Untypical of the Bush White House, the president presented his plan in a prime-time Oval Office address, accompanied by orchestrated leaks and pre- and post-speech press briefings, a mode of operation more typical of earlier administrations than this one.
The most eye-catching part of the plan was a proposal to send up to 6,000 National Guard troops to help seal the southern border while the Border Patrol is being reinforced. This seemed an open political ploy to placate GOP hard-liners whose own immigration plan is border security coupled with deportations.

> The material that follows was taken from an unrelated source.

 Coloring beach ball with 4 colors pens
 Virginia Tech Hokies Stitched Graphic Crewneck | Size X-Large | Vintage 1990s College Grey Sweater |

Bush aides denied that the deployment amounted to militarization of the border, although it does lean in that direction. But the fair question is: What does it amount to? The Guard troops will be rotated in and out in two- to three-week deployments and be relegated to vague support duties for the Border Patrol.
But it would be a mistake to assume the Bush plan is cynical politics. He has been passionate and consistent about immigration reform. Appearing with visiting Australian Prime Minister John Howard, the president declaimed, “We’re a land of immigrants, and when we welcome somebody to our country who is here legally, willing to work and willing to realize a dream, (begin ital) it helps restore our soul (end ital).” Hardly the words of a politician seeking to make an issue go away.
The rest of his plan, Bush said, strives for a “rational middle ground” between amnesty, which no one is advocating, and mass deportations, which, unfortunately, some of his House allies are.
If one agrees that the status quo on immigration is increasingly unacceptable, Bush then has offered a reasonable starting framework for addressing the problem: a clear process for long-residing illegal immigrants to become legal and begin the citizenship process; a more arduous process for shorter-term illegals; increased detention facilities for newly arrived illegals; tamperproof IDs; a limited guest- and temporary-worker program; and stepped-up fines for employers.
The president insisted that his plan is a comprehensive whole and that Congress enact it that way rather than piecemeal. He faces an uphill battle. The House has already acted and shows little enthusiasm for revisiting immigration. If Bush’s plan is to become law, the Senate will have to take the lead.
It will not do his presidency any good if Bush comes away empty-handed. Not even halfway through his second term, this is probably his last chance at enacting a major initiative.